Он заявлял, что прежде всего необходимо создать "организацию, которая научила бы Индию взаимопомощи и взаимопониманию", по примеру демократии Запада[103].
Он преклонялся также перед высоким интеллектуальным уровнем многих женщин в Америке и благородным употреблением ими своей свободы. Он противопоставлял их эмансипацию затворничеству женщин в Индии; и воспоминание о страданиях одной из сестер, которую он потерял, заставляло его работать над их освобождением, выполняя долг любви[104].
У него не было никакого расового самолюбия, которое мешало бы ему признать превосходство Запада по стольким пунктам[105], и ему хотелось извлечь из него пользу для своего народа.
Но гордость его принимала что-либо лишь при условии вернуть это сторицей. Он сознавал, что несет западному миру, запутавшемуся в сетях демона деятельности и практического разума (он сказал бы: "физического" разума) освобождение через дух, ключ к божеству, которое присутствует в человеке и которым владеет последний бедняк в Индии. Вера в человека, которая так развита в молодой Америке, была для него первой ступенью, основой для надежды. Будучи далека от того, чтоб унижать эту веру, как это отчасти делает европейское христианство, его энергия видела в ней свою младшую сестру, благородную по рождению, но ослепленную новым солнцем и идущую большими, поспешными шагами по краю бездны. Он считал себя призванным вернуть ей зрение, повести ее выше, на широкие террасы жизни, откуда можно видеть в Боге.
* * *
Он предпринял поэтому в Америке ряд апостольских путешествий, чтобы посеять на обширных пространствах нетронутых душ семена ведантического учения и пролить дождь любви Рамакришны. Эти семена были отобраны им и, согласно голосу здравого инстинкта, приспособлены для американских слушателей. Последнего же, своего учителя, он долго не называл, по стыдливости горячего чувства: он избегал называть его имя, хотя и распространял его учение; и даже когда он решился прямо заговорить о нем с некоторыми очень близкими учениками[106], он запретил предавать гласности свои проникновенные изъявления благодарности.

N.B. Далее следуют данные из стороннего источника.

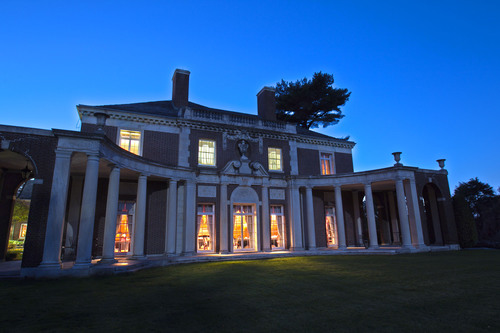 A perfect balance of Gatsby-era grandeur and dedicated, personalized service.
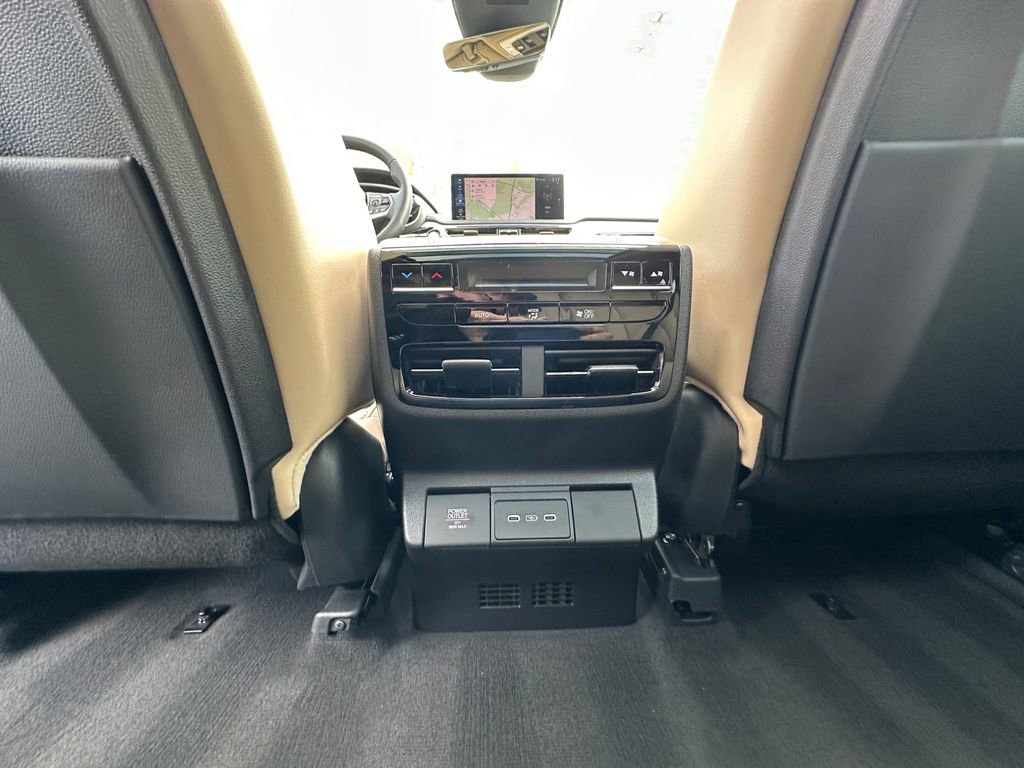 Used 2025 Acura MDX w/ Technology Package image 29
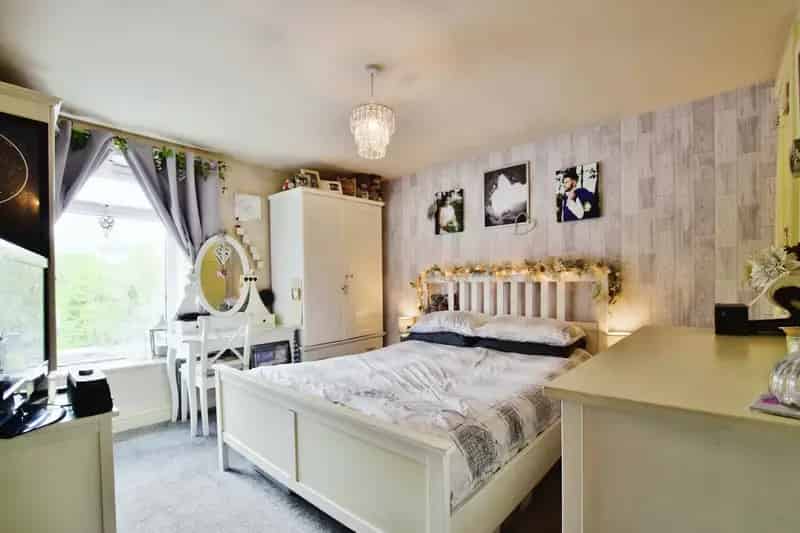 Mid Stone Terrace Cottage Near Train Station and School
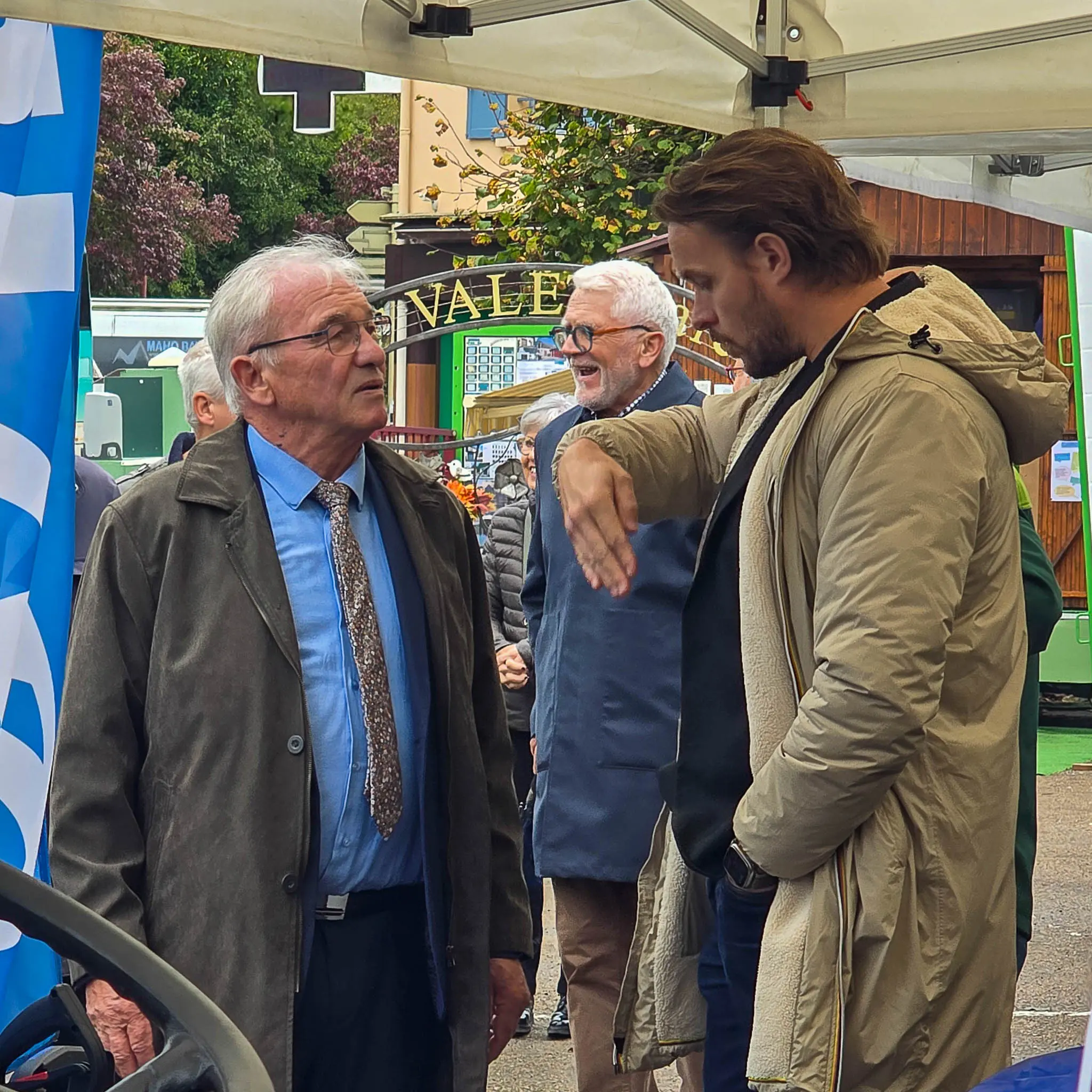 Daniel Grenon, député de l’Yonne, en discussion sur un stand lors d’un événement local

Он быстро отделался от лекторских организаций "янки", которые предписывали ему проторенную дорогу, от этих managers, которые эксплуатировали его, позоря его честь своей цирковой рекламой, ради больших сборов[107]. В Детройте, где он пробыл в 1894 году шесть недель, он сбросил иго связывавшего его договора. Он не мог больше выдержать. Он умолял своих друзей избавить его от контракта. Это не обошлось без больших убытков[108]. В Детройте же он встретил ту, кому из всех его западных учеников предстояло стать вместе с Sister Nivedita (мисс Маргарита Нобль) наиболее близкой его духу: ту, кто впоследствии приняла имя Sister Christine (мисс Гринстайдль)[109]. Из Детройта он вернулся в Нью-Йорк в начале зимы 1894 года. Там им сразу завладела группа богатых друзей, интересовавшихся гораздо больше им, человеком, который был в моде, чем его делом. Он не потерпел этого. Он желал быть один и быть господином у себя. Он устал от этой скачки с препятствиями, где нельзя было создать ничего прочного; он решил собрать постоянных учеников и открыть бесплатные курсы. Богатые друзья, предлагавшие его "финансировать", ставили ему неприемлемые условия: они готовы были заставить его ограничиться исключительно обществом "порядочных" людей. Им овладевали приступы бешенства. Он восклицал:
"Шива! Шива!.. Случалось ли когда-нибудь, чтобы великое дело выросло благодаря богачам? Творят сердце и мозг, а не кошелек!.."[110]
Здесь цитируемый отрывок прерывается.